PROBLEM DETAILS =>
Please transcribe the listing that follows exactly; images are to be excluded.

RECORDED INFORMATION =>
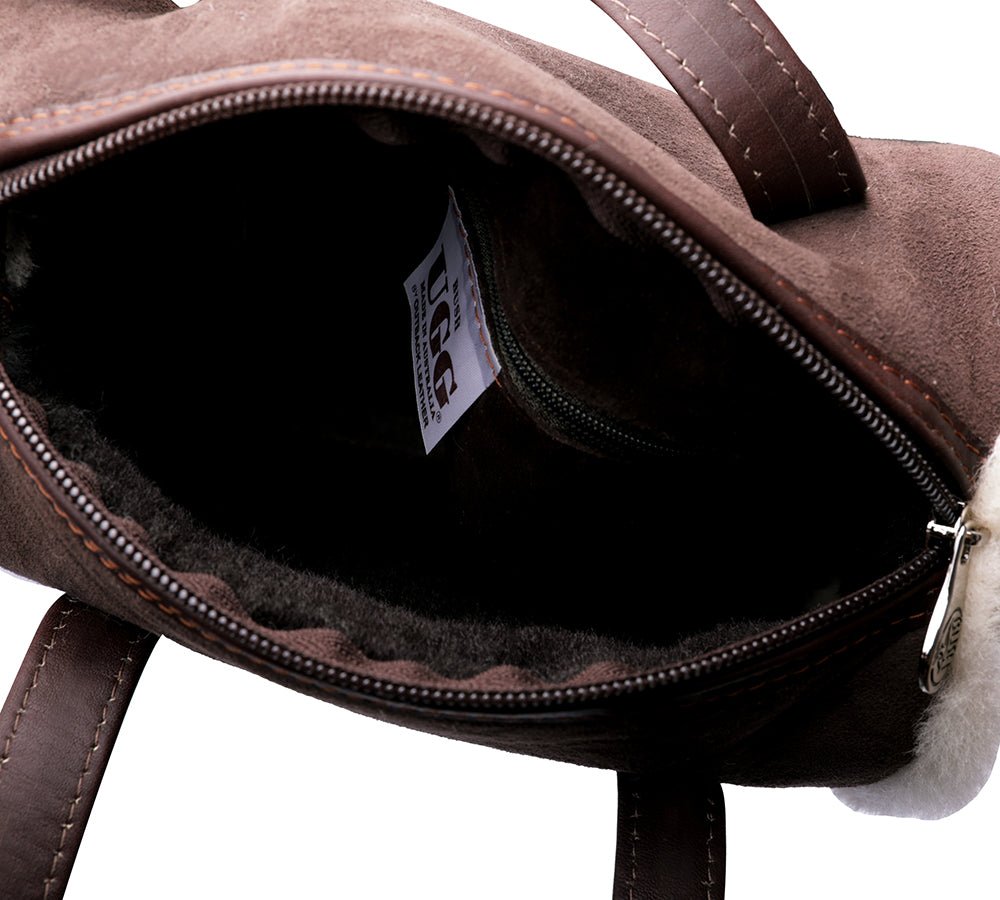 Women Sheepskin Wool Small Hand Carry Zip Barrell Bag - Bags - Chocolate - One Size - Uggoutlet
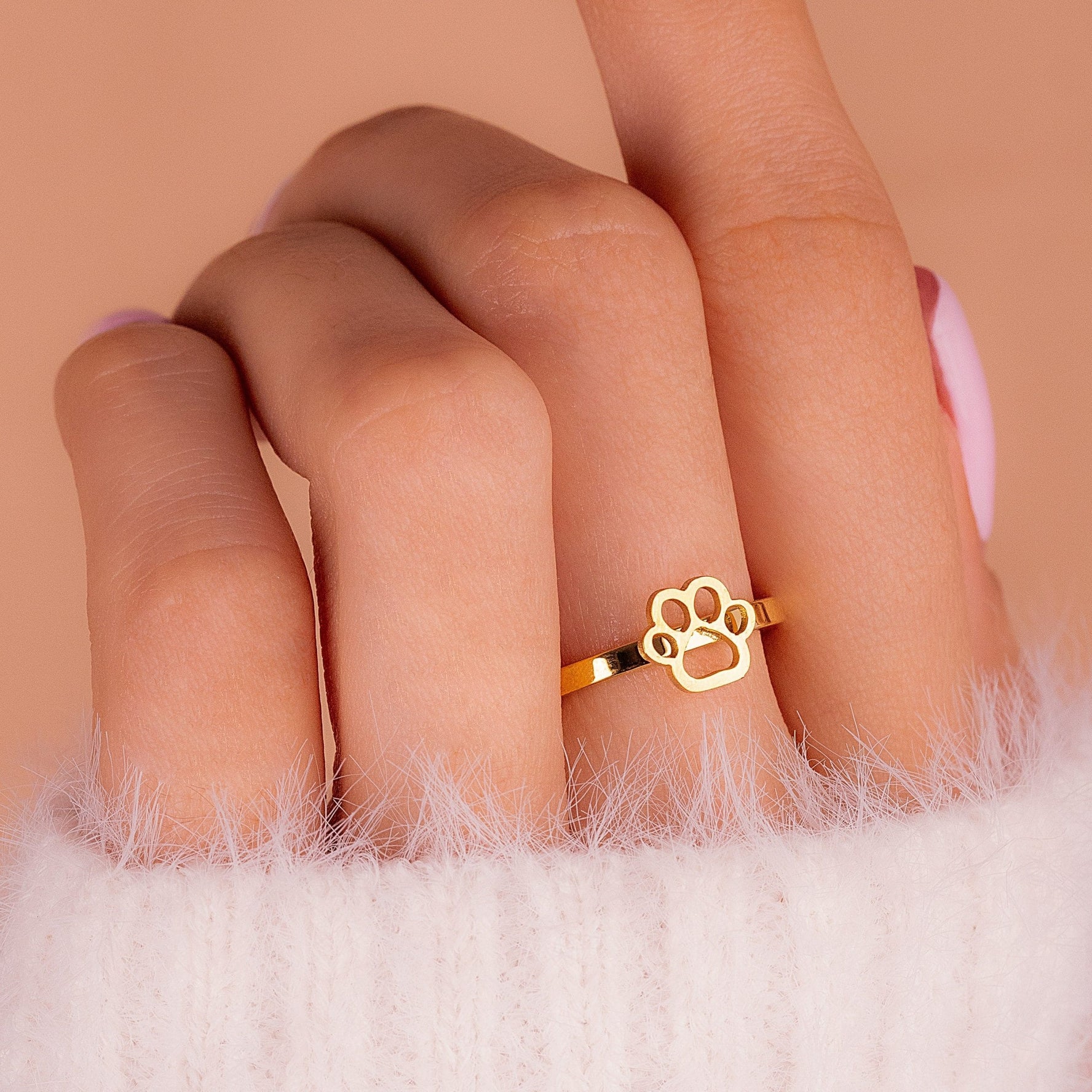 Anillo Huellita Dorado Talla 7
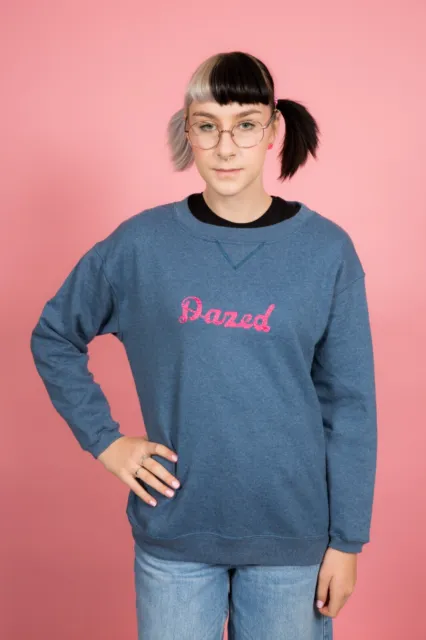 Reworked Vintage Blue & Pink Embroidered DAZED Sweatshirt Size 90s 00s Y2k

WRITTEN RESPONSE =>
 Women Sheepskin Wool Small Hand Carry Zip Barrell Bag - Bags - Chocolate - One Size - Uggoutlet
 Anillo Huellita Dorado Talla 7
 Reworked Vintage Blue & Pink Embroidered DAZED Sweatshirt Size 90s 00s Y2k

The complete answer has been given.